Ask Me Anything: Free-form Visual Question Answering Based on Knowledge from External Sources (1511.06973v2)

Abstract: We propose a method for visual question answering which combines an internal representation of the content of an image with information extracted from a general knowledge base to answer a broad range of image-based questions. This allows more complex questions to be answered using the predominant neural network-based approach than has previously been possible. It particularly allows questions to be asked about the contents of an image, even when the image itself does not contain the whole answer. The method constructs a textual representation of the semantic content of an image, and merges it with textual information sourced from a knowledge base, to develop a deeper understanding of the scene viewed. Priming a recurrent neural network with this combined information, and the submitted question, leads to a very flexible visual question answering approach. We are specifically able to answer questions posed in natural language, that refer to information not contained in the image. We demonstrate the effectiveness of our model on two publicly available datasets, Toronto COCO-QA and MS COCO-VQA and show that it produces the best reported results in both cases.

Overview of "Ask Me Anything: Free-form Visual Question Answering Based on Knowledge from External Sources"

This paper presents a novel approach for Visual Question Answering (VQA) that merges image content with external semantic knowledge to answer complex visual questions. Traditional VQA challenges are amplified by the unpredictability of both question formulation and the operations needed for responses. Existing systems often rely solely on internal image representations without leveraging auxiliary knowledge, which can restrict their ability to tackle questions necessitating broader contextual understanding.

Methodological Framework

The core advancement of this research is the integration of a textual image representation with external knowledge to improve VQA. The method employs a recurrent neural network (RNN), primed with information derived from both the image and a general knowledge base. This setup allows the model to respond to free-form, natural language questions about image content, even when critical information is absent from the image itself.

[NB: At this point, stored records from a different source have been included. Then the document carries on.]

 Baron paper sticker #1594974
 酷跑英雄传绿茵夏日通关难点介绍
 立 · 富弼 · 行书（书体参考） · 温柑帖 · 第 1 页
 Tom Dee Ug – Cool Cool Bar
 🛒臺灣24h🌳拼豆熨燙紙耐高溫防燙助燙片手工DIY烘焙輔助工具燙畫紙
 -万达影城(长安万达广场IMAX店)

The proposed method involves three primary components:

1. Attribute-Based Image Representation: Images are decomposed into high-level semantic attributes using convolutional neural networks (CNNs). This multi-label classification approach detects objects, scenes, actions, and other relevant concepts within an image.
2. Caption-Based Image Representation: With an attribute-based image description, the model generates multiple image captions via an LSTM model. These captions form an internal textual representation that aids in understanding the image in a human-annotated context.
3. Knowledge Base Integration: The model dynamically queries an external knowledge base (e.g., DBpedia) using SPARQL, retrieving textual information that complements the internal image description. This feature is designed to bridge informational gaps present in image data alone.

Evaluation and Results

Empirical results demonstrate the superiority of this method on two datasets: Toronto COCO-QA and VQA. The proposed model achieves an accuracy of 69.73% on Toronto COCO-QA, surpassing the state-of-the-art by a significant margin, and 59.44% on VQA. Notably, the model excels in scenarios where questions necessitate information beyond visual content, such as common sense or domain-specific knowledge, thus advancing the model as an "AI-complete" solution.

Implications and Future Directions

The implications of this research are multifold. Practically, it illustrates a substantial improvement in VQA systems by incorporating extensive knowledge bases, suggesting a trajectory toward more human-like image understanding capabilities. Theoretically, it emphasizes the need for multimodal approaches, combining visual and semantic processing to solve complex AI tasks.

Future research could explore adaptive knowledge querying methods to tailor information retrieval to the specific demands of each question. Additionally, aligning image attributes more closely with narrative constructs could further refine the model's interpretative prowess. As larger and more comprehensive knowledge bases become available, the potential for even more sophisticated VQA systems grows, promising further advancements in artificial intelligence.